### EXTRACTED INFORMATION ###
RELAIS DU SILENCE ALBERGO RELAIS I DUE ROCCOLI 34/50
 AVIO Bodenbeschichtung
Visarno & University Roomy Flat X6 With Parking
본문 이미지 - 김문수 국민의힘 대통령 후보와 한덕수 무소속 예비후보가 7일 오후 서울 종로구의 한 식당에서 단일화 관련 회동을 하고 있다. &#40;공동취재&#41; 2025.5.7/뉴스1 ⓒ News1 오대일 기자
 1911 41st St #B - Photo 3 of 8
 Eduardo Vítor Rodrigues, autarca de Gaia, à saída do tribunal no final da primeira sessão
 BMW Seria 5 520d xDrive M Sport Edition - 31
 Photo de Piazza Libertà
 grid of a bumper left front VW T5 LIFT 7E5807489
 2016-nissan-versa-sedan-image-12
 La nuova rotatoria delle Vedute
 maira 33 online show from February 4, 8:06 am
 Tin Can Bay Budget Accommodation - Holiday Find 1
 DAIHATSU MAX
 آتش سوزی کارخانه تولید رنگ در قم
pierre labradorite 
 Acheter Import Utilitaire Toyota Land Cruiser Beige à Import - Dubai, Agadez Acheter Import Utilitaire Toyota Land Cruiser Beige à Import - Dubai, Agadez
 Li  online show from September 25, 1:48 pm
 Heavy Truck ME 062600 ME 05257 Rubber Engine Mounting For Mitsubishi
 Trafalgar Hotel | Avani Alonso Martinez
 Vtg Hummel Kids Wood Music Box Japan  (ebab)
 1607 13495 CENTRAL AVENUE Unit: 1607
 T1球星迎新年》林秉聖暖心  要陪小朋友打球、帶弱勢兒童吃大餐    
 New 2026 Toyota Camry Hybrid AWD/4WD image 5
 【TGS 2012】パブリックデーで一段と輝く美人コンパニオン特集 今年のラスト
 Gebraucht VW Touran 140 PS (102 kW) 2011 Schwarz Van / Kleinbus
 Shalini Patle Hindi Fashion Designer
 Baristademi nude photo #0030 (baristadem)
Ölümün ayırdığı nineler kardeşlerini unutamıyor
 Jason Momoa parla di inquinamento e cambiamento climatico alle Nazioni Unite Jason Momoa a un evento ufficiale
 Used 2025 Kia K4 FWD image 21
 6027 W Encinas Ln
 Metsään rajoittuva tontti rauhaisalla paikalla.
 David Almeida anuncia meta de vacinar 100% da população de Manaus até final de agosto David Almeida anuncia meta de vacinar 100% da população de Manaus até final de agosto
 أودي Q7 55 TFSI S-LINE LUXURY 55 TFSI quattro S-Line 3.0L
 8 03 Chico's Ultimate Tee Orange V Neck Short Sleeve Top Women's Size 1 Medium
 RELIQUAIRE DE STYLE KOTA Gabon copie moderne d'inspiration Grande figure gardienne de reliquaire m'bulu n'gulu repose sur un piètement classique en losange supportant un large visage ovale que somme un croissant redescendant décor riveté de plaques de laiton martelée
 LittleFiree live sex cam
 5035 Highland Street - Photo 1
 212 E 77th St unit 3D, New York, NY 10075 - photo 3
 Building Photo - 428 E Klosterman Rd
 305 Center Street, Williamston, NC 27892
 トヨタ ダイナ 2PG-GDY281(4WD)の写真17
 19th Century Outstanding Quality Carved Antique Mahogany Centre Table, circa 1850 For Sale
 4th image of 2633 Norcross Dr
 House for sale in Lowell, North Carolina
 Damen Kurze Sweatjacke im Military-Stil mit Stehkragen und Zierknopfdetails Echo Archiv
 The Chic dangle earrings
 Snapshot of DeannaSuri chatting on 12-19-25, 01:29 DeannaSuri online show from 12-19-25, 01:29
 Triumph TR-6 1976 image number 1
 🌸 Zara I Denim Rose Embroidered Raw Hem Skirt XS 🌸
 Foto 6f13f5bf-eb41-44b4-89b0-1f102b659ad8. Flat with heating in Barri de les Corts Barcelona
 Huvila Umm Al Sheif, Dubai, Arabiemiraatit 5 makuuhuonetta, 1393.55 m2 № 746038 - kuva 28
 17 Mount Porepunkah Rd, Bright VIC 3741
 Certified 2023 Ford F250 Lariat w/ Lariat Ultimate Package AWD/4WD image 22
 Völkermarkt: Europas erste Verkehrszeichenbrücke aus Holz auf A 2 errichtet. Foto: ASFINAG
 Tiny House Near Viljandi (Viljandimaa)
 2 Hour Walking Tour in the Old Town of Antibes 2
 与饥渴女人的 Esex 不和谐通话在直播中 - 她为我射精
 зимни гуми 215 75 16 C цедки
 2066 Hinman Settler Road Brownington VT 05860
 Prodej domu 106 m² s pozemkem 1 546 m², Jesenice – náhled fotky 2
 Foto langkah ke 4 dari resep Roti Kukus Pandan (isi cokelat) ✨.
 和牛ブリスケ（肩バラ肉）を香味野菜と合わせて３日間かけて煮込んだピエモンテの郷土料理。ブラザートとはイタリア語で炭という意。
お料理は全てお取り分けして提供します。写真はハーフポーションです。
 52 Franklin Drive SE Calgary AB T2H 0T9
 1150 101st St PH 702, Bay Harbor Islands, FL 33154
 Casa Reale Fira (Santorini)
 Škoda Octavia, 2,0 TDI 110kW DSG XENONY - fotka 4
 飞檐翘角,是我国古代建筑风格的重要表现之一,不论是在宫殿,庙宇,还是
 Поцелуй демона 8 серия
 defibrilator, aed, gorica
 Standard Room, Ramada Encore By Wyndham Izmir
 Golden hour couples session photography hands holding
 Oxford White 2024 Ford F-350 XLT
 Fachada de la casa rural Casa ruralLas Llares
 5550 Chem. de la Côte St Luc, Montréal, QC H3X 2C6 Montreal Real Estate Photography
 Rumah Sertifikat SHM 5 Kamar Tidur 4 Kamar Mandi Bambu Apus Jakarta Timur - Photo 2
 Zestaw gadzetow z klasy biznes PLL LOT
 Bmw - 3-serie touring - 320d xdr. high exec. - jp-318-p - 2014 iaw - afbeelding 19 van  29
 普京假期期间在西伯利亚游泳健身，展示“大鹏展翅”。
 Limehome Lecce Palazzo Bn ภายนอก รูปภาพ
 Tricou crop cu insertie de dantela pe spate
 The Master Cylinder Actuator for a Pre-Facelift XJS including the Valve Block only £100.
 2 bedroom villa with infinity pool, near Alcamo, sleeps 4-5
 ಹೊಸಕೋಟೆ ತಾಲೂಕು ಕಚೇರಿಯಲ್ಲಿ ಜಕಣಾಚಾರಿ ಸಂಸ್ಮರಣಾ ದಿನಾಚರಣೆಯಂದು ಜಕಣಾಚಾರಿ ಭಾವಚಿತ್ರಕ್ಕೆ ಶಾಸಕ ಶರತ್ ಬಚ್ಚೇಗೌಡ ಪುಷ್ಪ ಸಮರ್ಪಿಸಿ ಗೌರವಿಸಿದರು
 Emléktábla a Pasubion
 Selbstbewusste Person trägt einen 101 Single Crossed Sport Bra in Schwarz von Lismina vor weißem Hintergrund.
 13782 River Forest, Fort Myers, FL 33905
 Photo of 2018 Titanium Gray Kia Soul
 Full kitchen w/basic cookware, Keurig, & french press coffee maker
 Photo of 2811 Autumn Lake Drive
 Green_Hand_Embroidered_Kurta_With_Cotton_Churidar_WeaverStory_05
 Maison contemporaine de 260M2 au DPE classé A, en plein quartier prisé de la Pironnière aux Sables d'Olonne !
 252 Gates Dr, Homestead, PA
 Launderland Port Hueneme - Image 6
###
* TASK INSTRUCTIONS: Reproduce exactly the lines above from the line with "The Master Cylinder" to the line with "Emléktábla a Pasubion", including both, and add nothing.

* ANSWER BOX:
 The Master Cylinder Actuator for a Pre-Facelift XJS including the Valve Block only £100.
 2 bedroom villa with infinity pool, near Alcamo, sleeps 4-5
 ಹೊಸಕೋಟೆ ತಾಲೂಕು ಕಚೇರಿಯಲ್ಲಿ ಜಕಣಾಚಾರಿ ಸಂಸ್ಮರಣಾ ದಿನಾಚರಣೆಯಂದು ಜಕಣಾಚಾರಿ ಭಾವಚಿತ್ರಕ್ಕೆ ಶಾಸಕ ಶರತ್ ಬಚ್ಚೇಗೌಡ ಪುಷ್ಪ ಸಮರ್ಪಿಸಿ ಗೌರವಿಸಿದರು
 Emléktábla a Pasubion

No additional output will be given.